For the Baffler, Hannah Gold reports from a gallery preview of the Joan Didion auction, which will go live tomorrow at 11am. Gold writes, “For those of us without thousands to spend on blank notebooks or hurricane lamps, there is hope for an encounter with Didion: the auction is, of course, for items culled from the second pass of the apartment; the materials that best capture her reading, drafting, and writing create a loud absence in the blue showrooms.”
For Gizmodo, Matt Novak considers a recent New York Times article about Sam Bankman-Fried, the CEO of the cryptocurrency exchange FTX, which just filed for bankruptcy. Novak wonders about the positive spin the article gives Bankman-Fried, considering the circumstances: “The interview with SBF, as he’s often called, is presented with such a gauzy lens that you have to start wondering what the hell is going on with crypto reporting at the Times.”

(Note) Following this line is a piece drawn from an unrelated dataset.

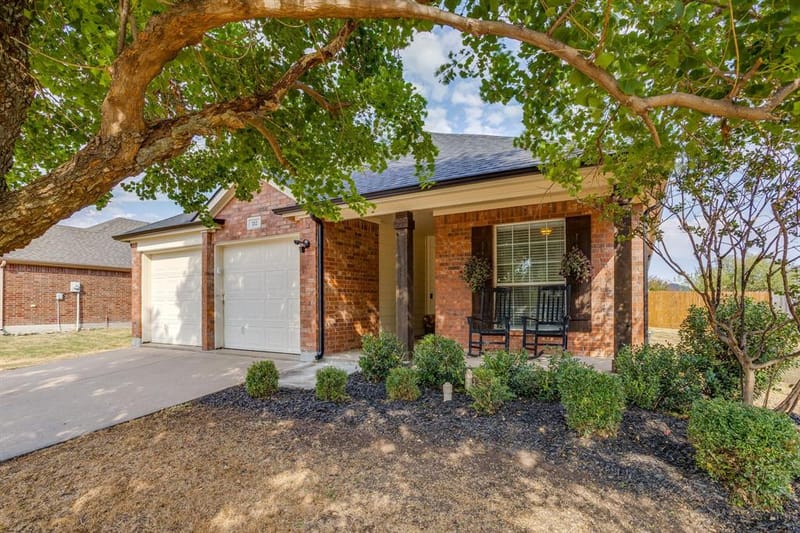 212 Bison Meadow Drive, Waxahachie TX 75165 - Photo 2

Time magazine lists one-hundred must-read books for 2022.
Events tonight in New York: Harper’s Magazine and Duke University Press will host an in-person conversation about basketball and writing featuring Thomas Beller (author of the new book Lost in the Game) and Alex Wolff (author of Big Game Small World); at the New York Public Library’s Cullman Center, Ken Chen will be in conversation with New Yorker writer Hua Hsu about Hsu’s new book Stay True, a “memoir on friendship, grief, the search for self, and the solace that can be found through art.”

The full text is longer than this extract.